== Segment start ==

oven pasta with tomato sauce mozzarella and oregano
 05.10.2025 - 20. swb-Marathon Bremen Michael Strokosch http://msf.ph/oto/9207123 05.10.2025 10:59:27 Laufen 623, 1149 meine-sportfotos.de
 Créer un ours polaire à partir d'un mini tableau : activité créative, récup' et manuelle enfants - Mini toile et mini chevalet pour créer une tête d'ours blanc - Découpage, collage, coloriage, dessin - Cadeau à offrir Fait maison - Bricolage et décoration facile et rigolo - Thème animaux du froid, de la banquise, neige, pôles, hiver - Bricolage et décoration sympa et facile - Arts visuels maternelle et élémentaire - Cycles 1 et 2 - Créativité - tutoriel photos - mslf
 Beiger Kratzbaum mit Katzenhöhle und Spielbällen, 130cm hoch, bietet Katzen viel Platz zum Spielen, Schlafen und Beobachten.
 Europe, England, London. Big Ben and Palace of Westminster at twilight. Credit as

== Segment end ==

Retype every line up to and including the one that contains "Beiger Kratzbaum mit", beginning at the first line of the records, with no edits.

oven pasta with tomato sauce mozzarella and oregano
 05.10.2025 - 20. swb-Marathon Bremen Michael Strokosch http://msf.ph/oto/9207123 05.10.2025 10:59:27 Laufen 623, 1149 meine-sportfotos.de
 Créer un ours polaire à partir d'un mini tableau : activité créative, récup' et manuelle enfants - Mini toile et mini chevalet pour créer une tête d'ours blanc - Découpage, collage, coloriage, dessin - Cadeau à offrir Fait maison - Bricolage et décoration facile et rigolo - Thème animaux du froid, de la banquise, neige, pôles, hiver - Bricolage et décoration sympa et facile - Arts visuels maternelle et élémentaire - Cycles 1 et 2 - Créativité - tutoriel photos - mslf
 Beiger Kratzbaum mit Katzenhöhle und Spielbällen, 130cm hoch, bietet Katzen viel Platz zum Spielen, Schlafen und Beobachten.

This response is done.